Аншлаг на презентации вкупе с тем неподдельным интересом, каким пользуется книга в стихотворческих кругах и у тех, кто пишет о современной поэзии, подчеркивает ту особую роль, которую эта студия играет в коллективной мифологии современного поэтического сообщества. Для посвященных в дела нашей поэзии “Луч” — одно из мест, о которых нужно помнить; нечто важное и значимое в прошлом литературы. Об этом, вроде бы, свидетельствует и оглавление сборника, где искушенный читатель найдет множество знакомых имен — от лауреата премии “Поэт” Сергея Гандлевского до неоднозначно популярной Верочки Полозковой, от Евгения Бунимовича до Владимира Вишневского, от Веры Павловой до любимицы московских поэтических подмостков Марии Ватутиной.
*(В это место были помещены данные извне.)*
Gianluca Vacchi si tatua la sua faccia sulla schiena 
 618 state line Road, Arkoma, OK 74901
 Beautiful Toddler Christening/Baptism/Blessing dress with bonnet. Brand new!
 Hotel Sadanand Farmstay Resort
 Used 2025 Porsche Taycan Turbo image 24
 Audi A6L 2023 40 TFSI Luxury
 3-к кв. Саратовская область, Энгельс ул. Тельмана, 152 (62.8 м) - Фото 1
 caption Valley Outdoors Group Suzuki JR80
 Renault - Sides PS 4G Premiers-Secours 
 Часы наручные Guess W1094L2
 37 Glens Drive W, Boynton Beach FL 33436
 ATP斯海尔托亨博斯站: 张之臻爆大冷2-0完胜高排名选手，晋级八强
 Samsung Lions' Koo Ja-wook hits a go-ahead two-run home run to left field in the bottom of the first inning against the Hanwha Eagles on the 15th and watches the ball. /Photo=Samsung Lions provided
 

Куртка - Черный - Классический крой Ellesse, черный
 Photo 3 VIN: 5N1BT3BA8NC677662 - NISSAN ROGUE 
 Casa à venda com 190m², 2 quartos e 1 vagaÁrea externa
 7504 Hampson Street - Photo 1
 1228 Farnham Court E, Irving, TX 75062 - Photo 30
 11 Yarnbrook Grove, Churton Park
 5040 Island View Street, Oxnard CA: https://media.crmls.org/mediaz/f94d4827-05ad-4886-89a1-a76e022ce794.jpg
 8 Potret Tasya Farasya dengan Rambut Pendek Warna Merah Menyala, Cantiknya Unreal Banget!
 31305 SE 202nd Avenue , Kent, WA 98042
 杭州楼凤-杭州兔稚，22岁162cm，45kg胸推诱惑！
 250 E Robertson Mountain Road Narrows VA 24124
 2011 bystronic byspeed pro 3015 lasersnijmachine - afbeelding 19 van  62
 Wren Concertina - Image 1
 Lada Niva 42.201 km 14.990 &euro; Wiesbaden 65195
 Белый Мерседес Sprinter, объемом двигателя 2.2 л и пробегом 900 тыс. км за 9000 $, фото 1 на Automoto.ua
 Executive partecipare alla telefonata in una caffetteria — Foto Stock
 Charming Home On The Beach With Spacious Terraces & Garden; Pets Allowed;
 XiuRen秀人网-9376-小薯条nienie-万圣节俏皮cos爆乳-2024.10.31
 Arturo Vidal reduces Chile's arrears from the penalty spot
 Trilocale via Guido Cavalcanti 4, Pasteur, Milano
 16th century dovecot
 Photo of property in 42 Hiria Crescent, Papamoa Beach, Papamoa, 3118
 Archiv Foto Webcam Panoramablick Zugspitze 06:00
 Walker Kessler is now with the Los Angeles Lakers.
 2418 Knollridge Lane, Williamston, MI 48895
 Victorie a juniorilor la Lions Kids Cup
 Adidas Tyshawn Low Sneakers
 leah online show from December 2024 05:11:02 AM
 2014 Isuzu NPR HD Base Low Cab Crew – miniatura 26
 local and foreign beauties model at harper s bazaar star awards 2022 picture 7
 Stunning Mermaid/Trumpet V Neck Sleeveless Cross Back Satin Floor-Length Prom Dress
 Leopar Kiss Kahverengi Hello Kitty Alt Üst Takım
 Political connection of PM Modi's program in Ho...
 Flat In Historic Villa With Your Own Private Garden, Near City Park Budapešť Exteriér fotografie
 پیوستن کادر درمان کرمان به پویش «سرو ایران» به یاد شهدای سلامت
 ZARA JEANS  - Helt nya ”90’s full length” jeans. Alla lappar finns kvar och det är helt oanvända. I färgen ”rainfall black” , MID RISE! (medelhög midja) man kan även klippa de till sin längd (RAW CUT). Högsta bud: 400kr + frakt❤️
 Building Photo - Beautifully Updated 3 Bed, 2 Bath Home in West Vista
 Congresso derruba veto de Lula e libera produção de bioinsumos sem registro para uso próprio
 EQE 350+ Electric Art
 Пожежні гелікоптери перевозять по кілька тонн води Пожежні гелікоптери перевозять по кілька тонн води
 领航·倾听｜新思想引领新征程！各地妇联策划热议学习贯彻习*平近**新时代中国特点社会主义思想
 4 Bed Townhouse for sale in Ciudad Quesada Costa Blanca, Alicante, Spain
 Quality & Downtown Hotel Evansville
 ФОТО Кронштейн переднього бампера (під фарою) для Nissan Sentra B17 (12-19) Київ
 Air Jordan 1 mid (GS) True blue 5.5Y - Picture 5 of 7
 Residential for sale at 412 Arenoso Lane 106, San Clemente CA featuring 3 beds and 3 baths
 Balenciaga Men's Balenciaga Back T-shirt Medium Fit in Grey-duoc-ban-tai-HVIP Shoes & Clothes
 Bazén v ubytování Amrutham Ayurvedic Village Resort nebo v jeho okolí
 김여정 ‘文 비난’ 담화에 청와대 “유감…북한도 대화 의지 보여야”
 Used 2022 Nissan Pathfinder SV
Создается ощущение, что вектор истории студии и вектор истории поэзии удивительным образом совпадают, что первая — это точная проекция второй. Так ли это? Ореол легендарности, окружающий студию, делает несколько затрудненным объективный взгляд на этот, без сомнения, интереснейший историко-литературный феномен. С легендами вообще сложно — в них на самом деле отсутствует временнoґе измерение. Стоит внести его — и легенда оказывается историей.
Литературная репутация студии может быть описана словосочетанием “наша живая история”. “Живая” — потому что для всех посвященных история “Луча” — это история литературного настоящего. Репутация действительно уникальная для подобного рода институций, за исключением разве что несколько более молодой студии Кирилла Ковальджи, которая, кстати, все-таки развивалась по иной, нежели “Луч”, модели — как “питомник” для молодых литераторов при СП. “Луч” же был одним из многих “лито” для любителей — такие во множестве возникали при ДК, заводах, вузах и т.п. Так, когда-то знаменитая “Магистраль”, лито, возникшее при ДК железнодорожников на десятилетие раньше “Луча”, теперь воспринимается лишь как факт исторического прошлого, ибо ее “главные” питомцы (Окуджава, Аронов) — давно уже не “действующие”, а “исторические” лица.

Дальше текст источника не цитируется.